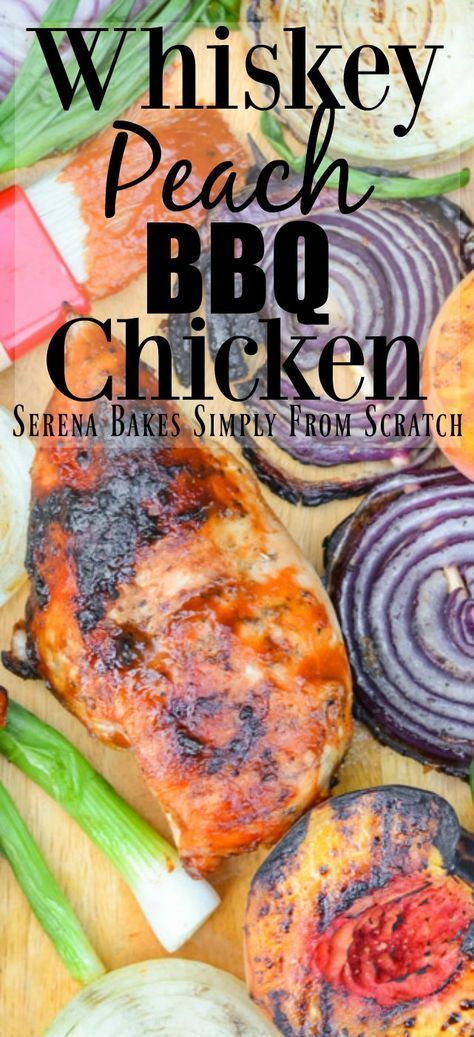 #Ad Whiskey Peach BBQ Chicken using O Organics from @Safeway and @Albertsons! So good and under 400 calories with the chicken and veggies! Peach Bbq Chicken, Entre Recipes, Smokehouse Recipes, Peach Bbq, Delish Dinners, Peach Chicken, Dinner Board, Tomatoes Recipes, Grilled Foods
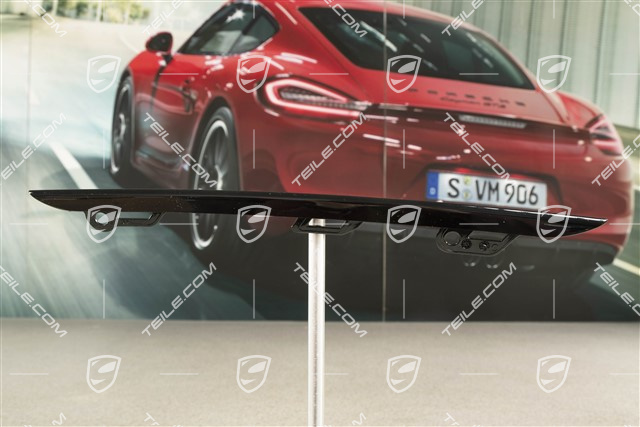 Lamelka / blenda kratki zderzaka, dolna, czarna, L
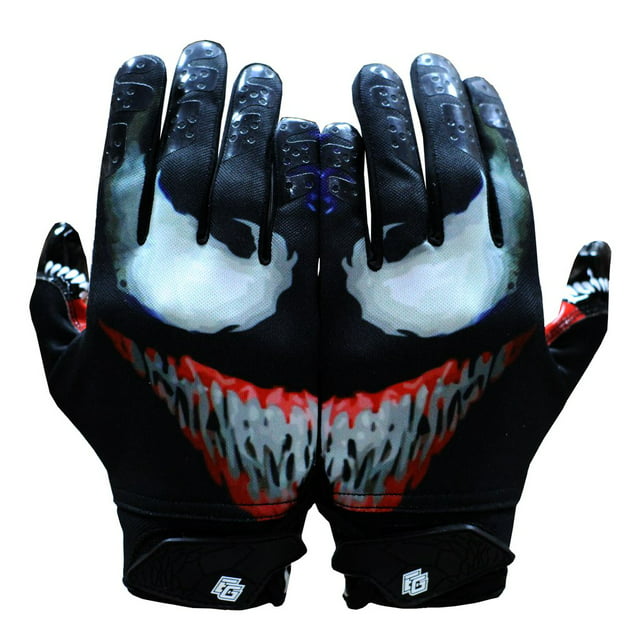 Eternity Gears Villain Football Gloves - Pro Elite Super Sticky Receiver Football Gloves - Adult Sizes
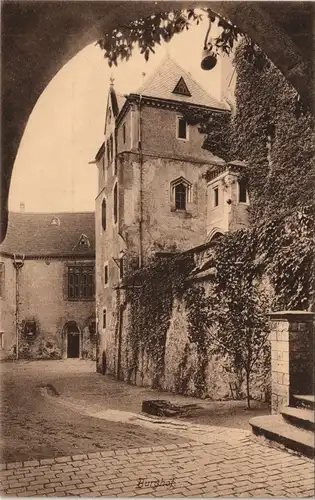 Ansichtskarte Kriebstein Burg Kriebstein - Hof 1913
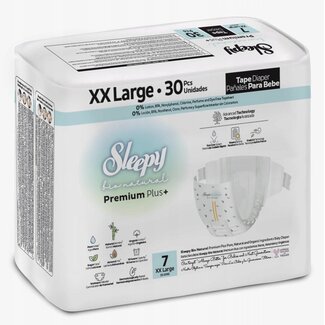 Sleepy Bio Natural Pañales Talla 7 (20-30 kg) 30 Unidades – Naturales, Sostenibles y Ultra Absorbentes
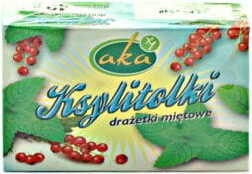 Dragees in poedervorm XYLITOLKI 0% Muntsuiker 40g AKA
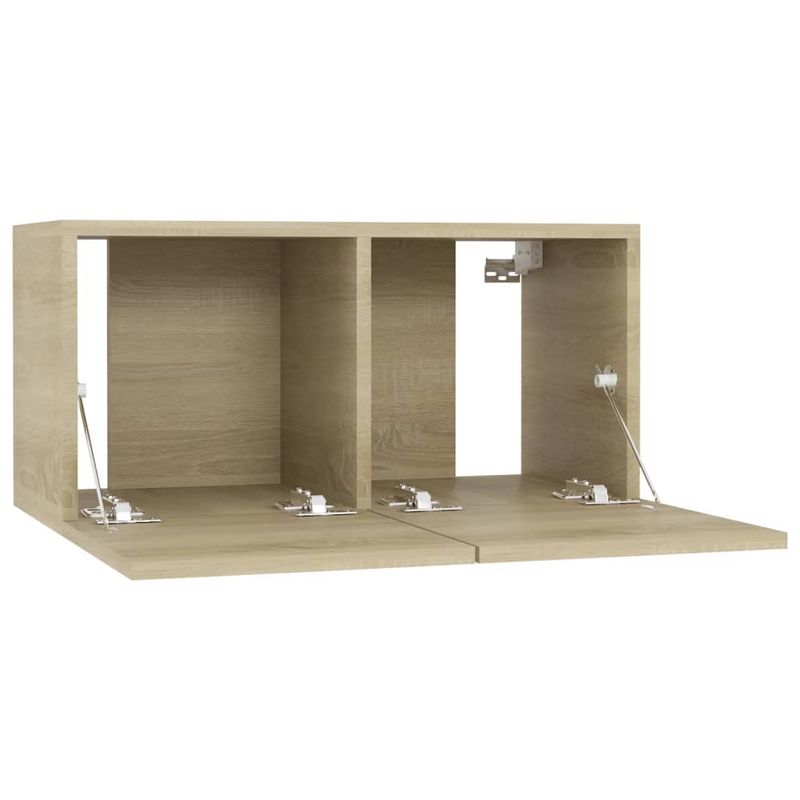 Casa si Gradina - Mobilier - Comode si corpuri - Comode - Dulap TV suspendat, stejar sonoma, 60x30x30 cm - Infinity.ro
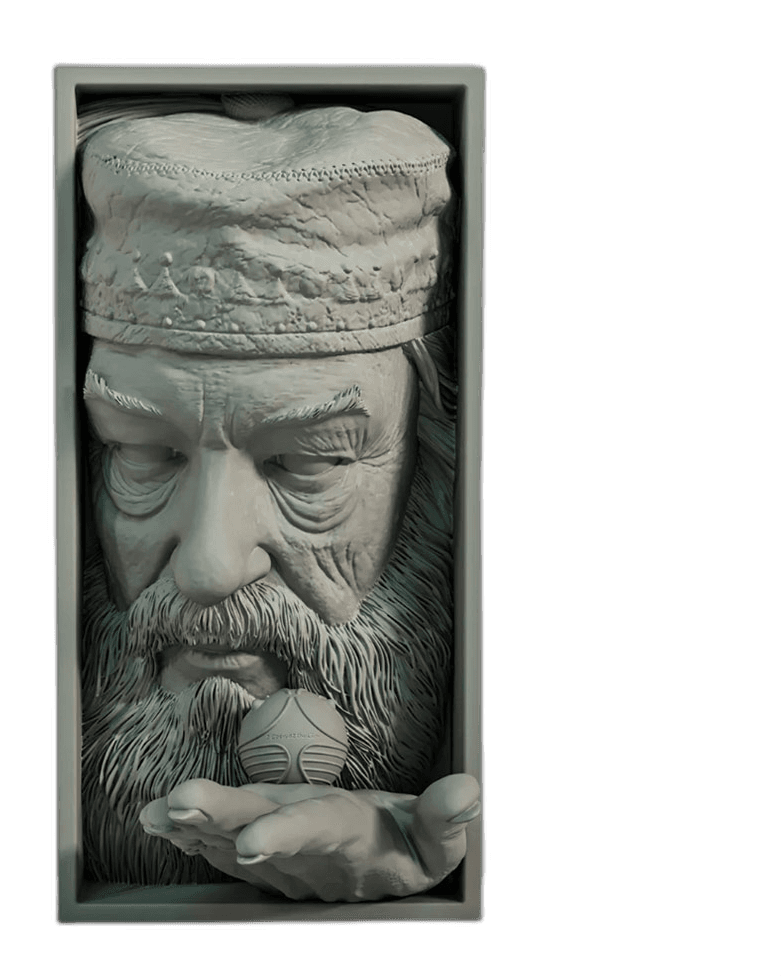 Mistik Büyücü Kitaplık Aksesuarı – Mini Diorama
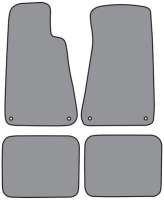 1994, 1995, 1996 Chevrolet Caprice With Snaps Floor Mats, Set of 4 - Front and back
##########
What you will do: Leaving the pictures out, copy exactly the lines from the line that contains "Ansichtskarte Kriebstein Burg" to the last line of the data, both ends included.

Final answer:
 Ansichtskarte Kriebstein Burg Kriebstein - Hof 1913
 Sleepy Bio Natural Pañales Talla 7 (20-30 kg) 30 Unidades – Naturales, Sostenibles y Ultra Absorbentes
 Dragees in poedervorm XYLITOLKI 0% Muntsuiker 40g AKA
 Casa si Gradina - Mobilier - Comode si corpuri - Comode - Dulap TV suspendat, stejar sonoma, 60x30x30 cm - Infinity.ro
 Mistik Büyücü Kitaplık Aksesuarı – Mini Diorama
 1994, 1995, 1996 Chevrolet Caprice With Snaps Floor Mats, Set of 4 - Front and back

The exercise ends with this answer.